# Historic Cities or Towns that should've been UNESCO Heritage Sites if they weren't destroyed by recent wars, calamities, or human causes



## OtAkAw (Aug 5, 2004)

We all know about the incredible wealth of built-up heritage in cities like Kyoto in Japan, Paris in France, Prague in the Czech Republic, or Quito in Ecuador. These cities, along with many others have their historic centers or at times, the entire city itself, declared as UNESCO World Heritage Sites. 

These incredible places have withstood many years of wars, conflict, calamities, and other human-caused destruction and are now a testament to human ingenuity. While others, like the Old Town of Warsaw were able to recover from an almost total destruction, many others did not. 

1. *Historic Center of Dresden, Germany*

With its great wealth of Baroque-style architecture and numerous world-renowned museums and art collections, the German city of Dresden has been called "Elbflorenz" (Florence of the Elbe) by many. But this gem of a city was completely annihilated in World War 2 after massive carpet bombing by the Allies. 









https://en.wikipedia.org/wiki/Dresden#/media/File:Dresden_photochrom2.jpg









https://en.wikipedia.org/wiki/Dresd...iv_Bild_183-Z0309-310,_Zerstörtes_Dresden.jpg

While Dresden is actively being renovated, the Frauenkirche being one of the finest examples of architectural restoration, the glory of the old city was forever gone after the war, especially with the many modern buildings that were built in replacement of the irreparably damaged ones.

The entire Dresden Elbe Valley used to be a WHS but it was delisted after the construction of a bridge that impacted its cultural integrity.

2. *Historic Center and Monuments of Tokyo, Japan*

The capital of Japan has been always sort of a phoenix throughout history. Destroyed and reborn almost entirely everytime. Two of history's most destructive cataclysms have impacted the city: the Great Kanto Earthquake (1923) and World War 2. 

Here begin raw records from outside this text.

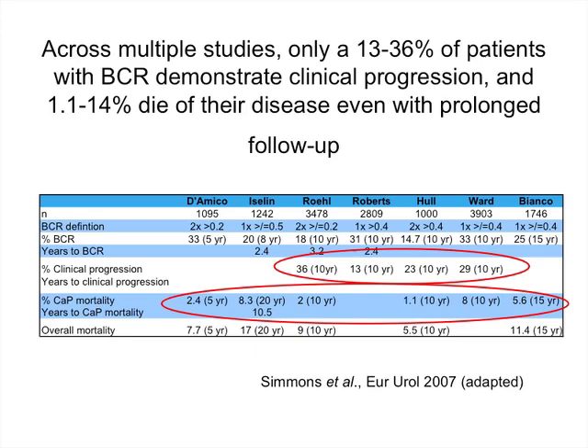One use of biochemical recurrence is as a surrogate endpoint for comparing different local treatments — brachytherapy versus radiotherapy versus radical surgery. However, is this valid? Radical prostatectomy definitions prioritize sensitivity over specificity. The ASTRO definition — a PSA greater than two nanograms per ml over the nadir PSA post-radiation — was chosen to prioritize specificity over sensitivity, so the vast majority of patients meeting this definition went on to develop either metastasis or death.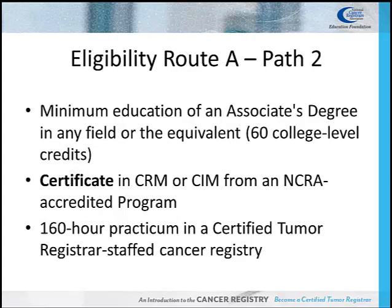Route A, Path 2: the candidate must have an associate's degree in any field, or the equivalent of 60 college-level credits. The candidate must also earn a certificate in Cancer Registry Management or Cancer Information Management, and complete a 160-hour clinical practicum in a Certified Tumor Registrar-staffed cancer registry.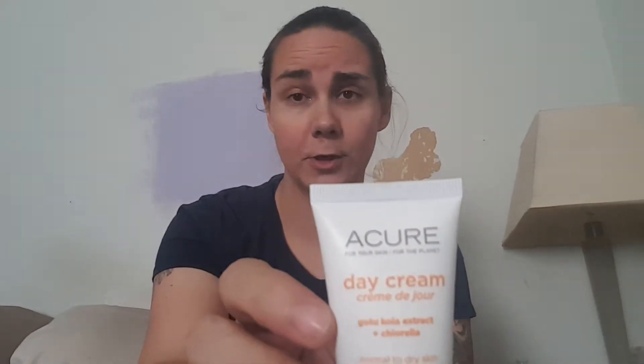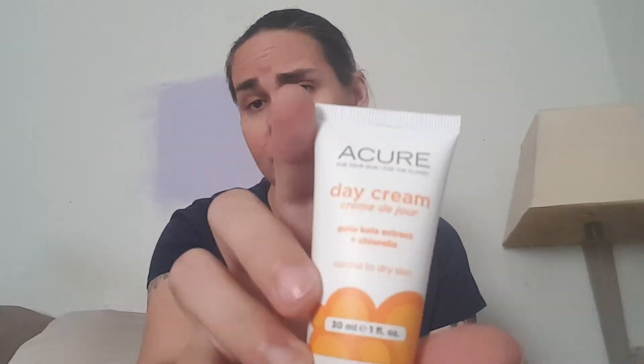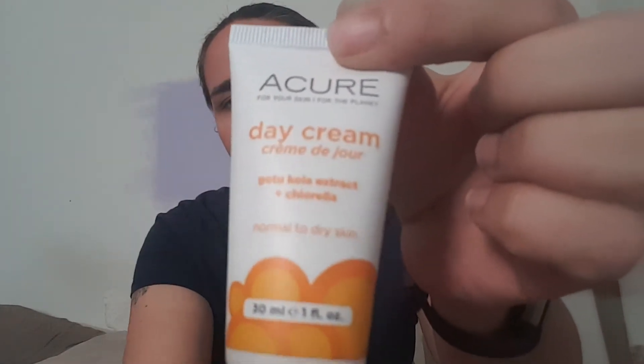First and foremost we have Acura Organics. A lot of you have seen me get this stuff before. I do like the Acura brand — it's pretty good. This is a day cream with gotu kola extract and chlorella. That's for normal to dry skin, and the blurb says: made with gotu kola stem cells, this anti-aging moisturizer provides all-day nourishment plus it protects skin from environmental and free radical damage. I don't use anti-aging products a whole lot — I don't think I need them yet, but maybe.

The ancient city of Edo, Tokyo's old name was destroyed during the course of these calamities, prime heritage sites include the Edo Castle, which was the largest castle ever built in Japan. Only portions of it remain today.









https://en.wikipedia.org/wiki/Edo_Castle#/media/File:Kyosai_Kiyomitsu_001.jpg

Incredible old Edo, just like in anime!









https://en.wikipedia.org/wiki/Edo#/media/File:Edo_Panorama_old_Tokyo_color_photochrom.jpg

After the Great Kanto Earthquake, Japan quickly rebuilt itself with the modern architectural styles prevalent in the early 90's. But most of this wouldn't remain standing, especially after something like this:










3. *Historic Center of Manila, Philippines*

Manila before the war used to be home to the finest examples of Spanish colonial architecture in the world, the only one of its kind in the Far East. The largest concentration of which can be found within Intramuros, the old walled district built in the city. 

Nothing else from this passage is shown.